The morality play seeks redemption through October 17
EVERYBODY, Branden Jacobs-Jenkins' contemporary riff on a 15th-century morality play, is a creative and chaotic allegory about Christian salvation which is, in the end, an uneven production for the usually consistent Antaeus Theatre Company.
It begins with a welcome to the theater that segues into a lengthy and engaging monologue all grippingly performed by Cherish Monique Duke. Everybody-the character is named Everybody because he (in my case it was a he) represents, well, everybody-is tasked by God to account for humanity's horrors. In his quest to find a companion to die with him and then take the road to-literal-hell, Everybody finds that no one is willing to make that sacrifice with him.

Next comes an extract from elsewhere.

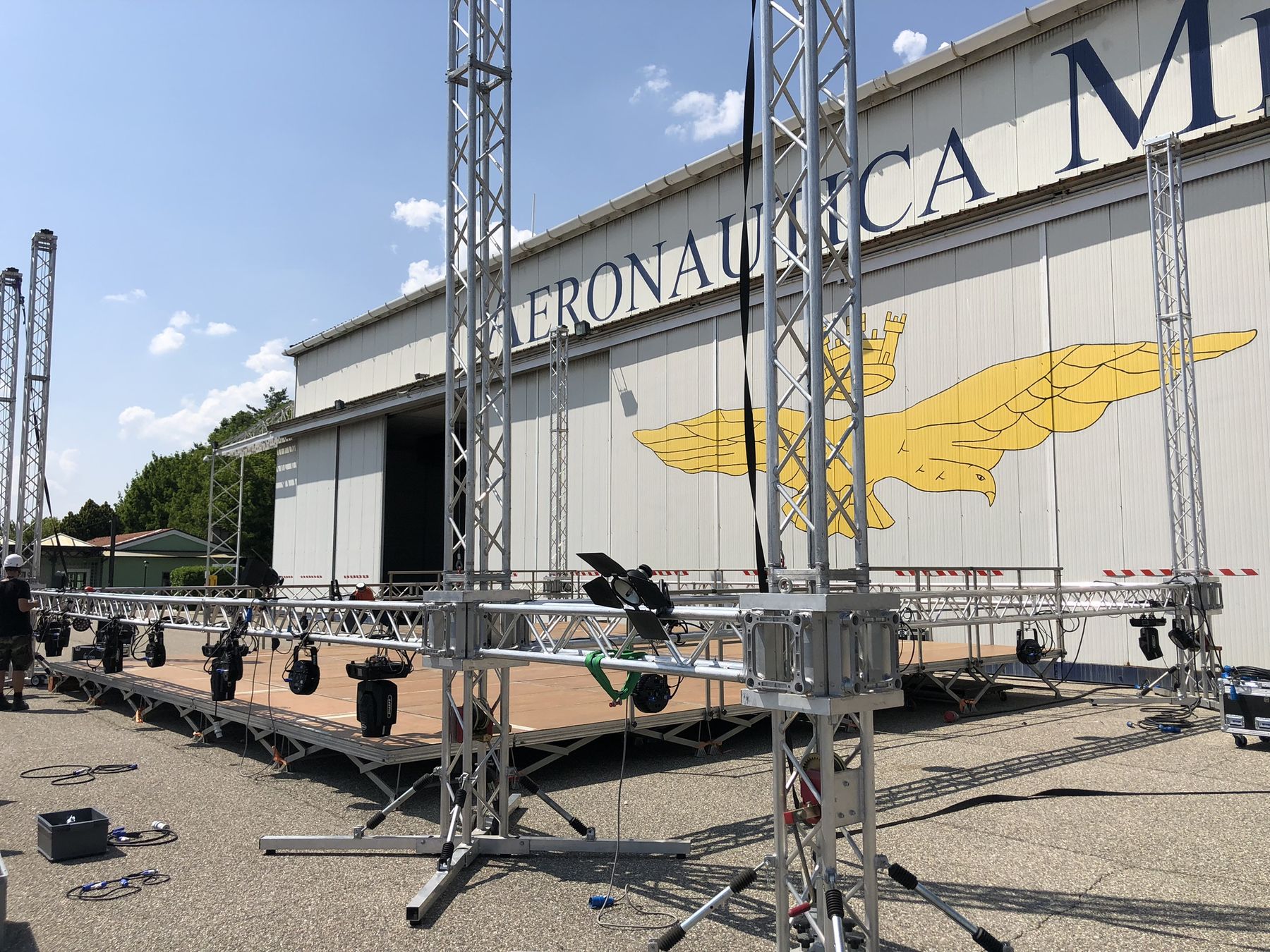 Aeronautica Militare, Concerto alla Luna — allestimento audio e luci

A finalist for the 2018 Pulitzer Prize, the show offers a unique experience in that some of the actors, playing abstract ideas like Time, Understanding, and Love, don't know what character they are going to play until a lottery is performed on stage, meaning every night can be different with 120 different possible variations. Tasked with memorizing essentially the entire script, those actors begin seated in the audience and one by one are brought onto the stage, which is a fun surprise because you don't know who you're seated next to or when they will reveal themselves.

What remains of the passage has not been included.